→ TASK TO COMPLETE
Pictures are not part of the answer. Write out exactly the lines from the one containing "Квартира 3 спальни" through the end of the material below.

----- PROVIDED RECORDS -----

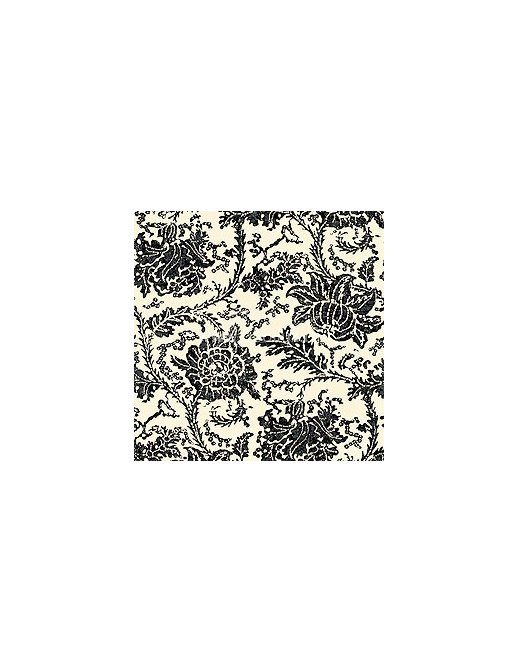 Обои Thibaut Cypress T7912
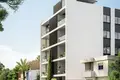 Квартира 3 спальни 131 м² муниципалитет Лимасол, Кипр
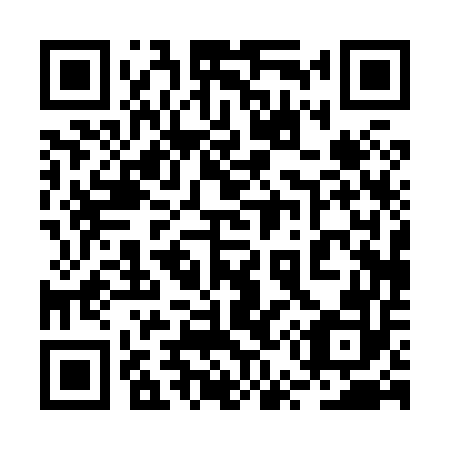 QR code for plate 2U 0852
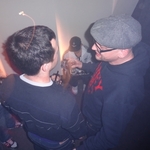 DSC00449.jpg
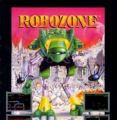 Robozone (1991)(Image Works)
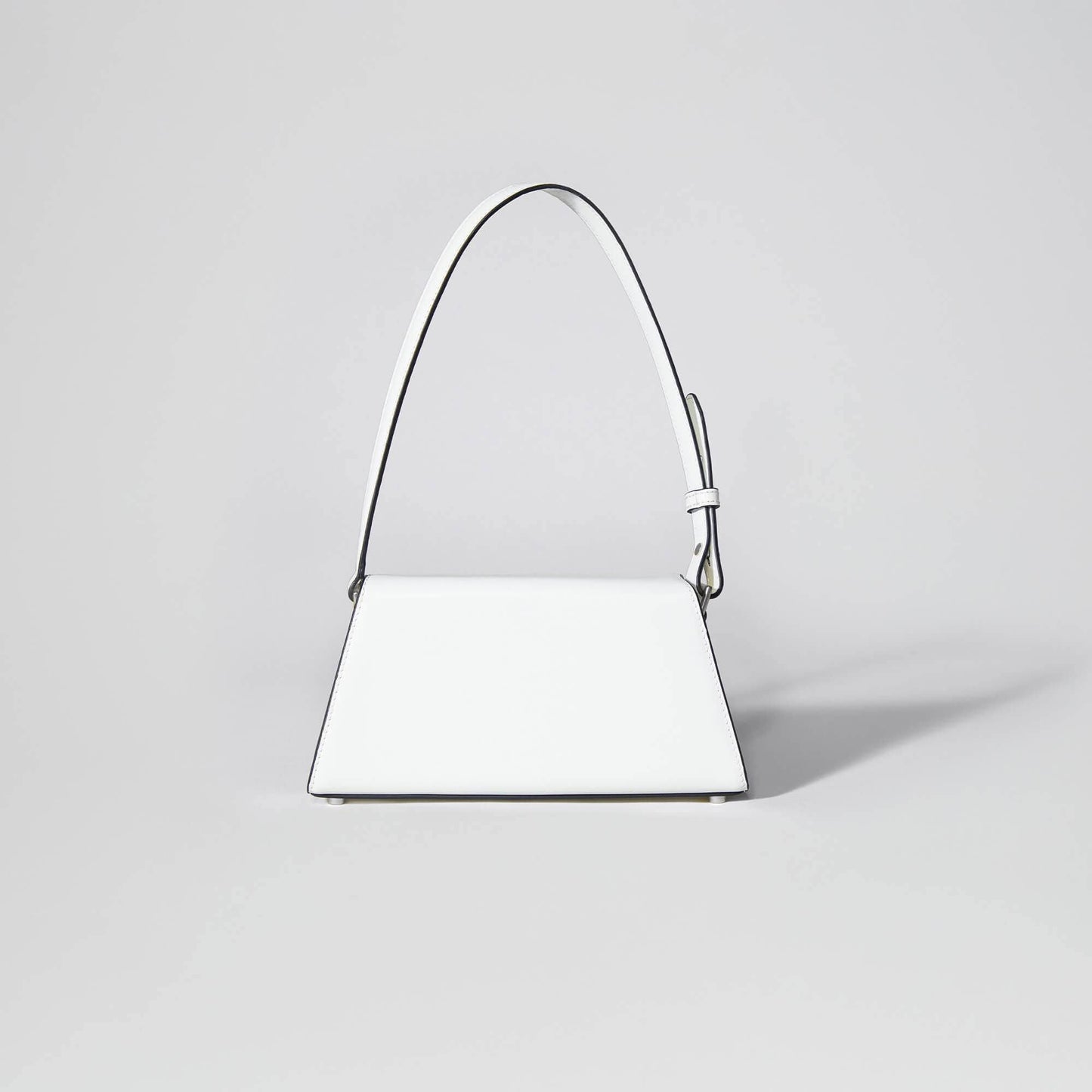 SELF PORTRAIT BAG 21 (LOGO LARGE)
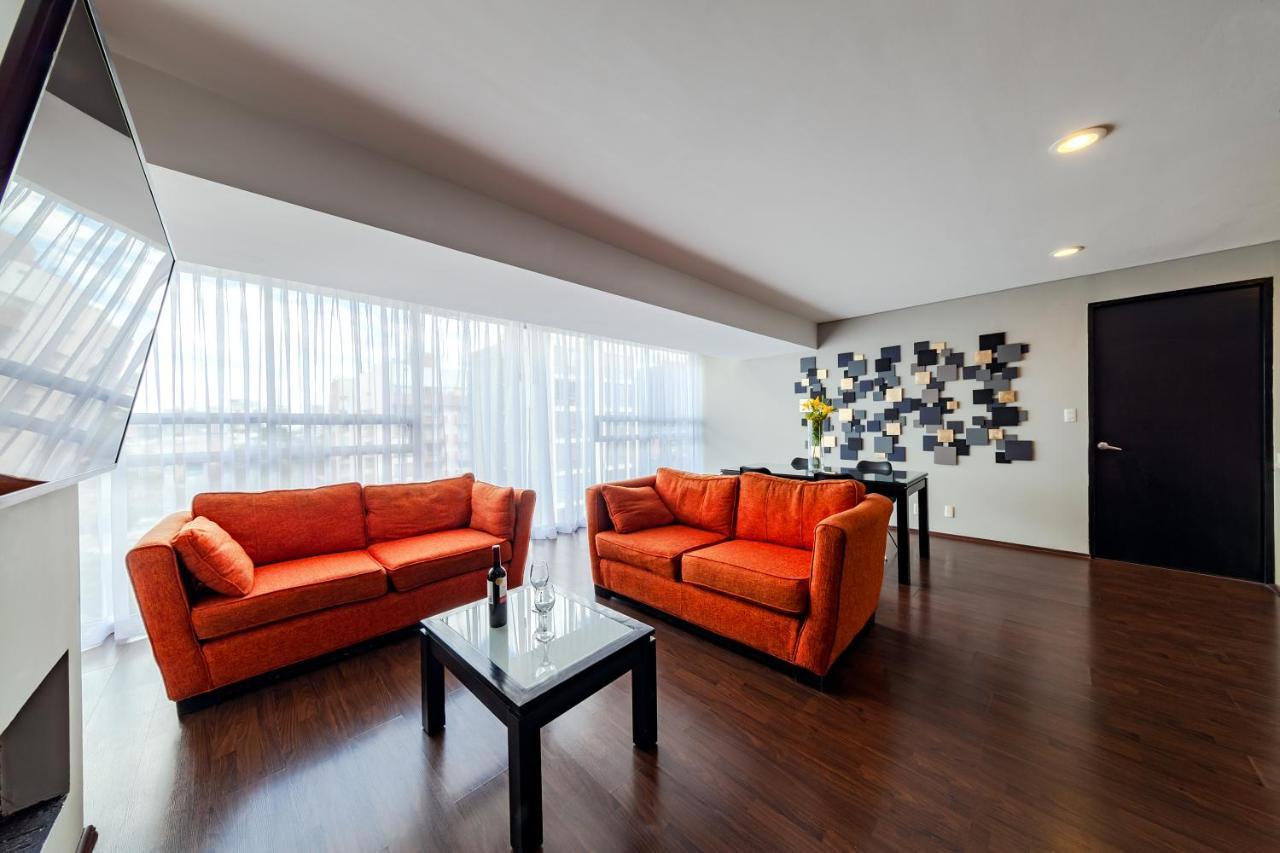 Parioli Hotel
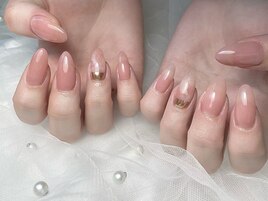 オフィスネイル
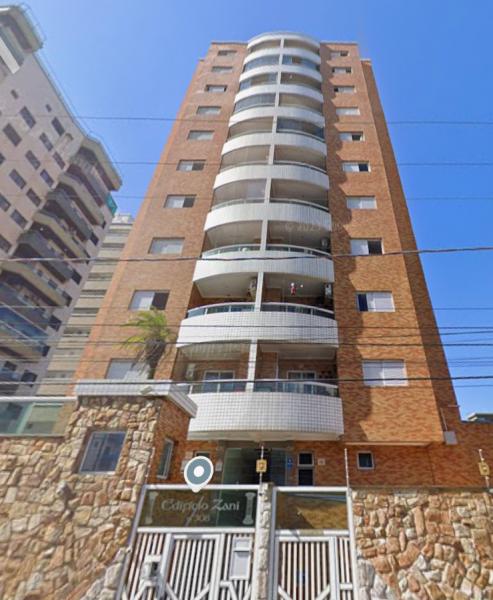 Felipe Frazão Leilões | BEM IMÓVEL: OS DIREITOS CONTRATUAIS em PRAIA GRANDE - São Paulo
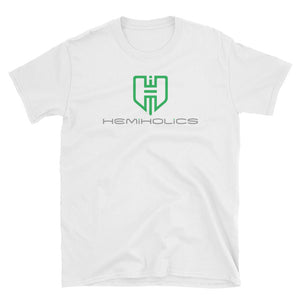 HEMiHOLiCS Stacked Sublime - Short-Sleeve T-Shirt, Select color
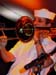 59DSC09775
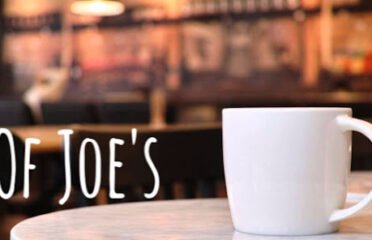 Cup of Joes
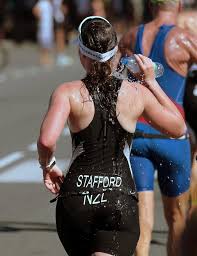 Image result for Stafford Triathlon Club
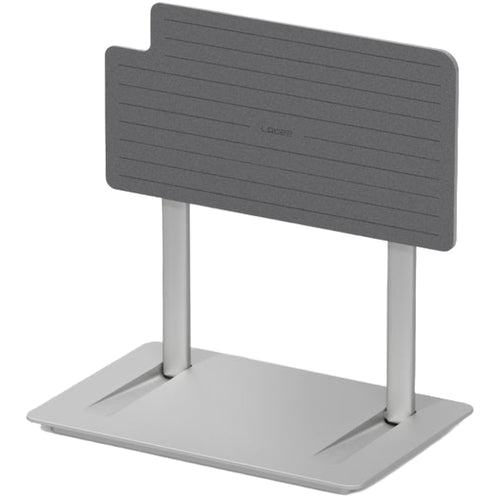 LAB22 Infinity Adjust Stand for iPad Pro 11 & Air 10.9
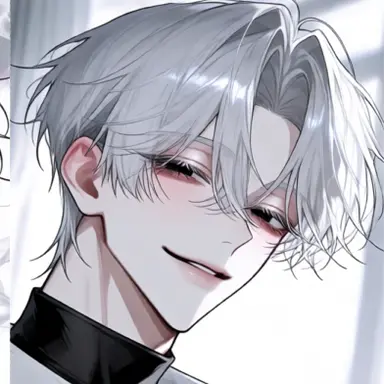 Profile image of ジン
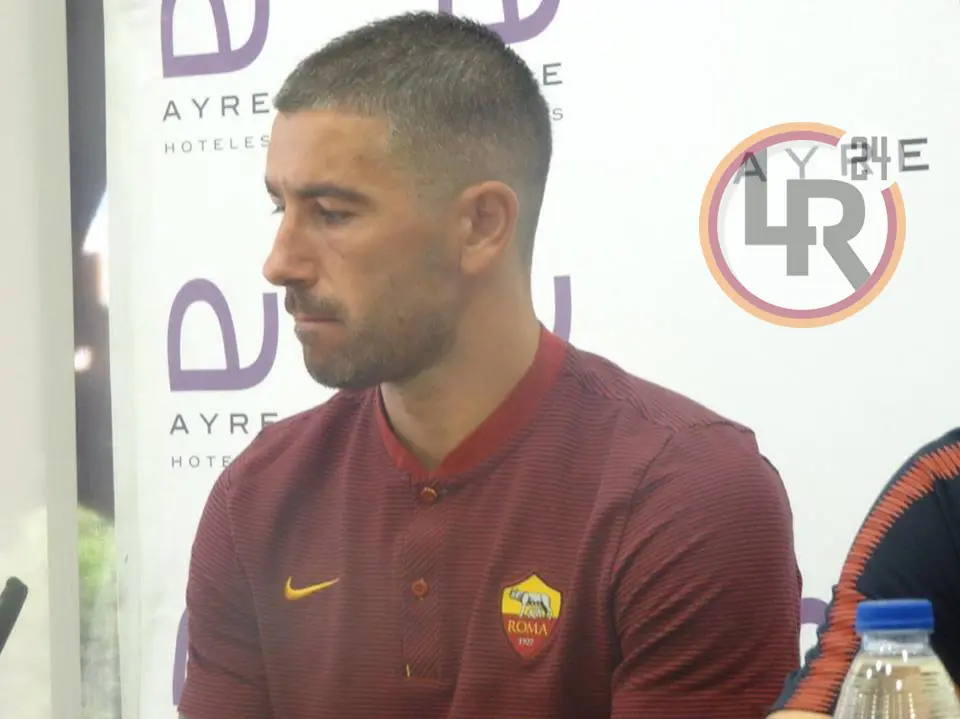 kolarov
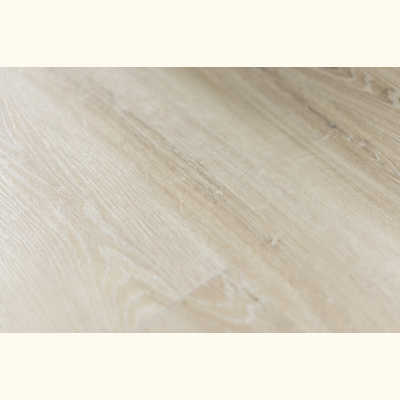 nature detail foto 910-1012-2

-----

→ WRITTEN ANSWER
 Квартира 3 спальни 131 м² муниципалитет Лимасол, Кипр
 QR code for plate 2U 0852
 DSC00449.jpg
 Robozone (1991)(Image Works)
 SELF PORTRAIT BAG 21 (LOGO LARGE)
 Parioli Hotel
 オフィスネイル
 Felipe Frazão Leilões | BEM IMÓVEL: OS DIREITOS CONTRATUAIS em PRAIA GRANDE - São Paulo
 HEMiHOLiCS Stacked Sublime - Short-Sleeve T-Shirt, Select color
 59DSC09775
 Cup of Joes
 Image result for Stafford Triathlon Club
 LAB22 Infinity Adjust Stand for iPad Pro 11 & Air 10.9
 Profile image of ジン
 kolarov
 nature detail foto 910-1012-2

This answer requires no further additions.